Captioned web image data
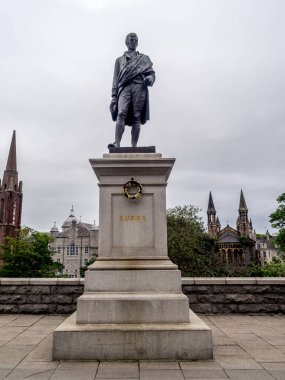 Aberdeen, İskoçya: Aberdeen İskoçya'da 25 Temmuz 2017 Robert Burns, Temmuz 25:Statue. Robbie Burns Scotlands en ünlü şairlerinden ve hala dünya çapında ekledi.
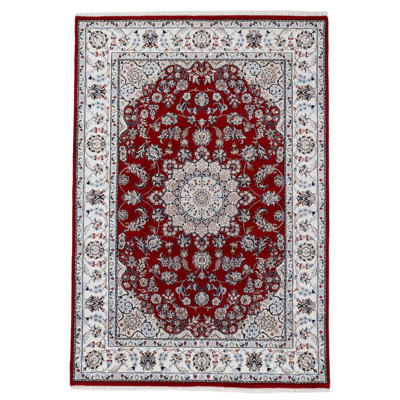 Nain Oriental Hand Woven Area Rug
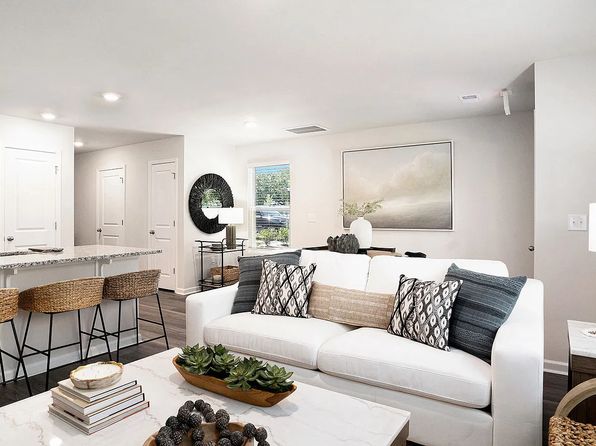 818 Dragonfly Way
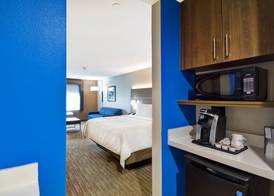 Holiday Inn Express & Suites HOUSTON NASA - BOARDWALK AREA by IHG 2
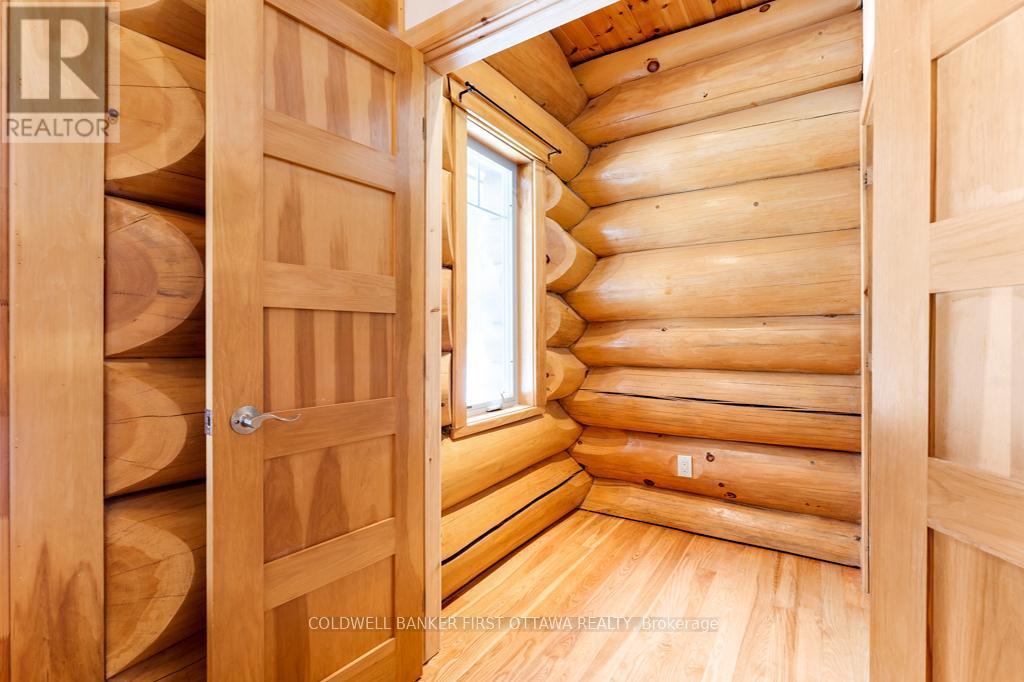 Front foyer walk-in closet - 2467 Darling Road, Lanark Highlands, ON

**PROBLEM DETAILS**
Make an exact copy of only those lines that run from the line with "Holiday Inn Express" through the end of the records, excluding pictures.

**EXERCISE RESULT**
 Holiday Inn Express & Suites HOUSTON NASA - BOARDWALK AREA by IHG 2
 Front foyer walk-in closet - 2467 Darling Road, Lanark Highlands, ON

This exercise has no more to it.